If I am allowed to say something, here is a couple of thoughts.

1) CCI snoops and DVM enablement are secure operations, to do them in
   non-secure world this must be overriden in firmware. You can argue,
   you can think whatever you want, that's a fact. So, to use this
   code SMP bit in SCTLR and CCI enablement must become non-secure
   operations. This is a boot requirement for MCPM, right or wrong
   it is up to platform designers to judge. If CCI and SMP enablement
   are secure operations, we should not start adding random SMC calls
   in the kernel, since managing coherency in the kernel would become
   problematic, with lots of platform quirks. We do not want that to
   happen, and I think we all agree on this.
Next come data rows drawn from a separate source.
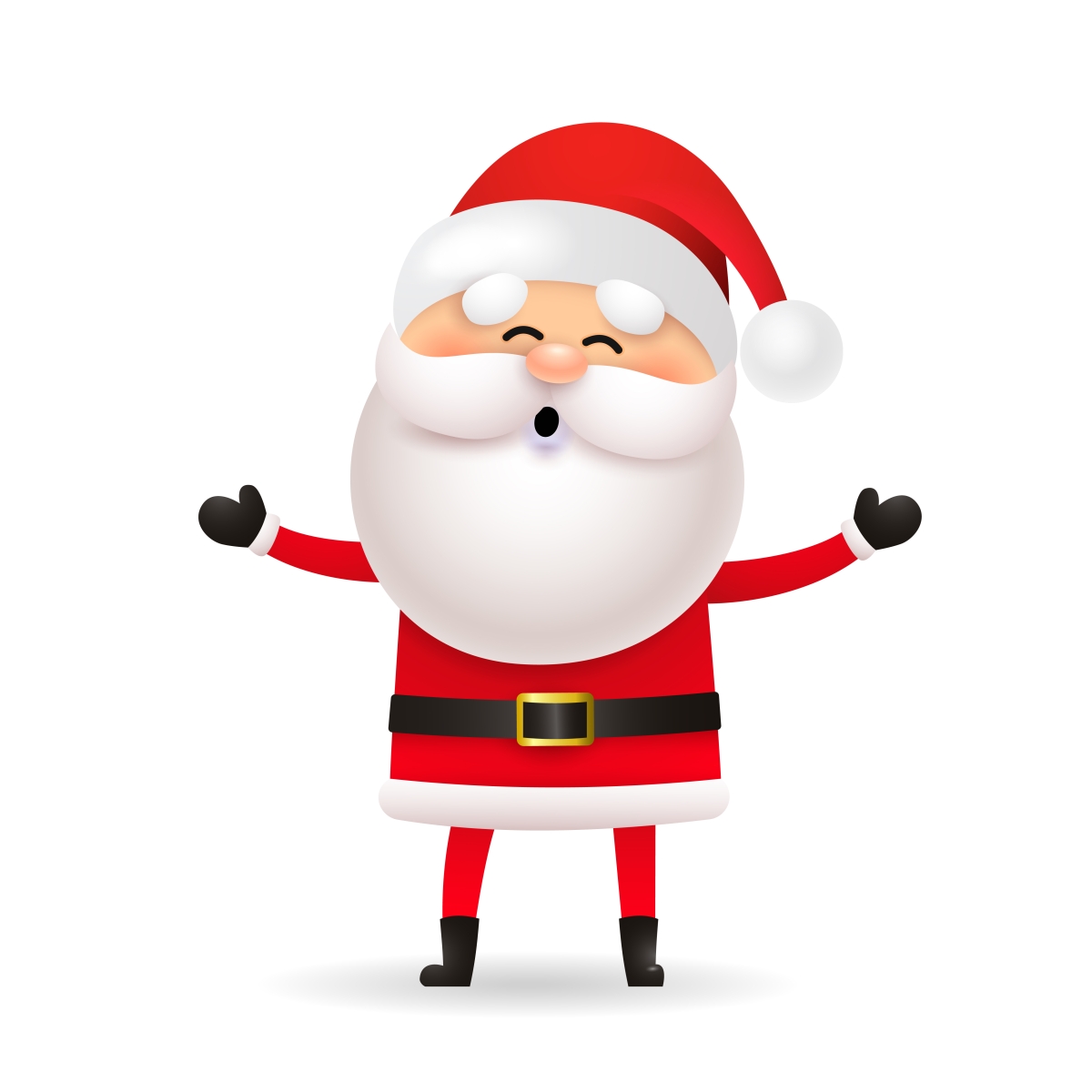 Fii un Super-Moș Crăciun și surprinde-i de sărbători pe cei apropiați!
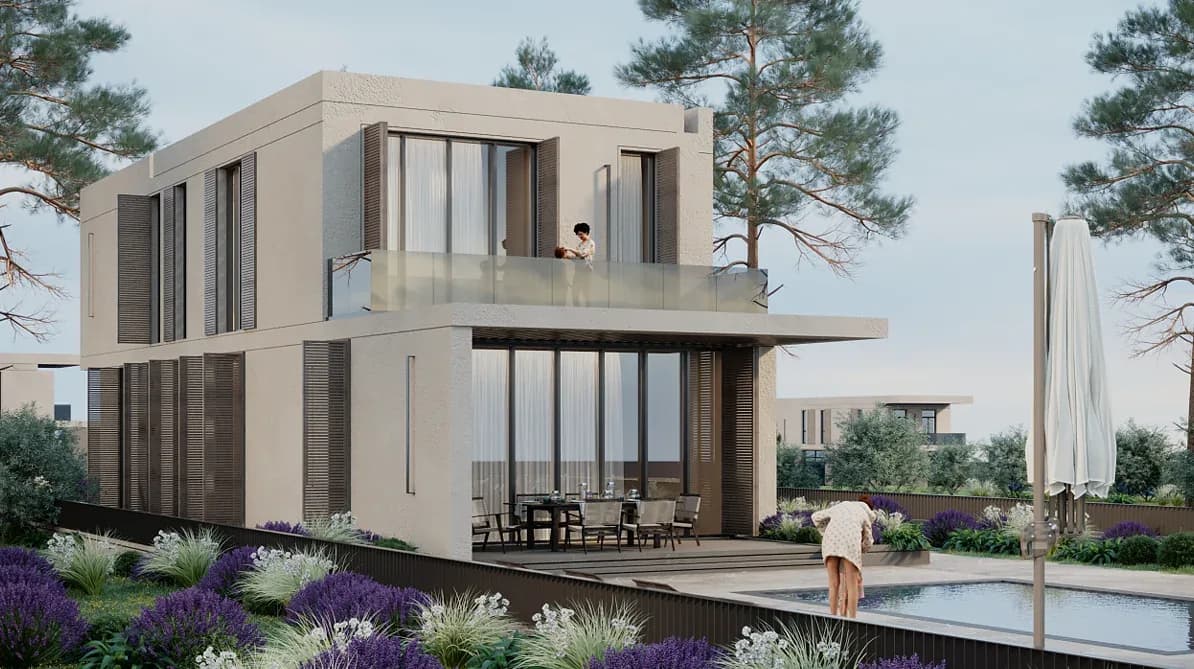 Home for sale in Durrës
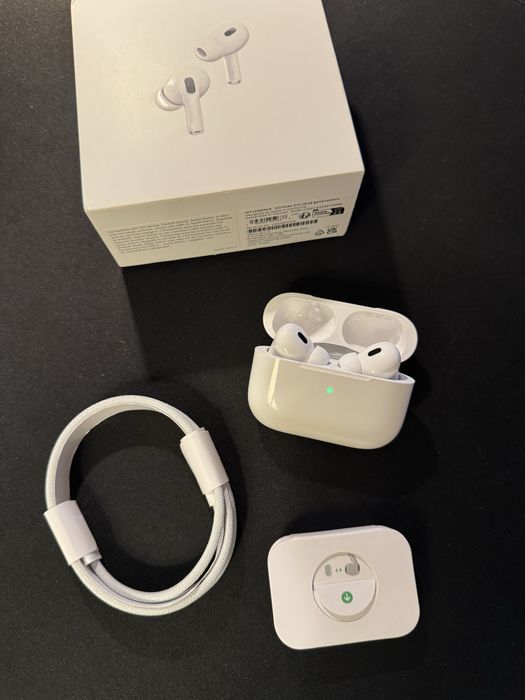 AirPods Pro 2 Nowe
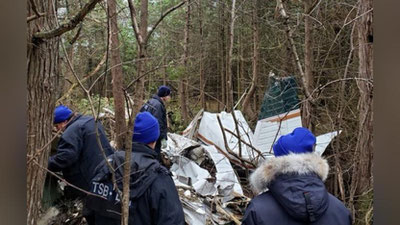 Изрображение 'В Канаде жертвами крушения самолета стали уроженцы Узбекистана и их семьи'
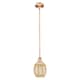 Option Mercury / Antique Copper
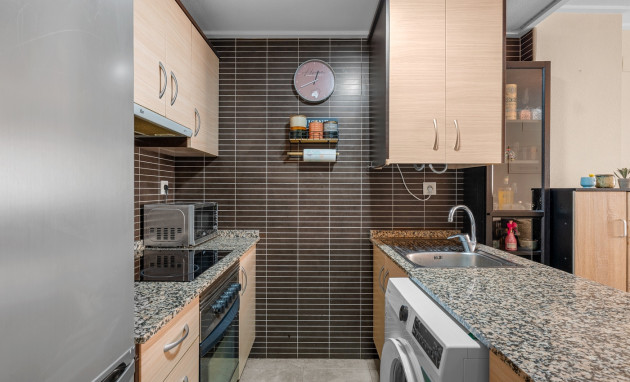Herverkoop - Apartment - Alicante - Alicante - City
2) (1) must be documented.
3) When I talked about consequences for CPUidle (implicit), I was referring
   to all sort of hacks we had to come up to bring devices like SPC
   (remember ? I remember very very well unfortunately for me), or whatever
   power controller up in the kernel early, too early to fit in any
   existing kernel device framework. There is still no solution to that, and
   the only way that code can exist is in mach- code. Right or wrong,
   that's a second fact and in my opinion that's not nice for the ARM
   kernel.
4) When I am talking about firmware I am talking about sequences that
   are very close to HW (disabling C bit, cleaning caches, exiting
   coherency). Erratas notwithstanding, they are being standardized at
   ARM the best we can. They might even end up being implemented in HW
   in the not so far future. I understand they are tricky, I understand
   they take lots of time to implement them and to debug them, what I
   want to say is that they are becoming standard and we _must_ reuse the
   same code for all ARM platforms. You can implement them in MCPM (see
   (1)) or in firmware (and please do not start painting me as firmware
   hugger here, I am referring to standard power down sequences that
   again, are very close to HW state machines and more importantly if they
   HAVE to run in secure world that's the only solution we have unless you
   want to split race conditions between kernel and secure world).
5) I agree that the CCI enablement in TC2 (bootmon for cold boot and
   kernel for warm-boot is wrong, nothing to say and it was not the
   reason I commented on Nico's patch - I think I explained to you
   thoroughly why now).

That's what I had to say, I hope it helps.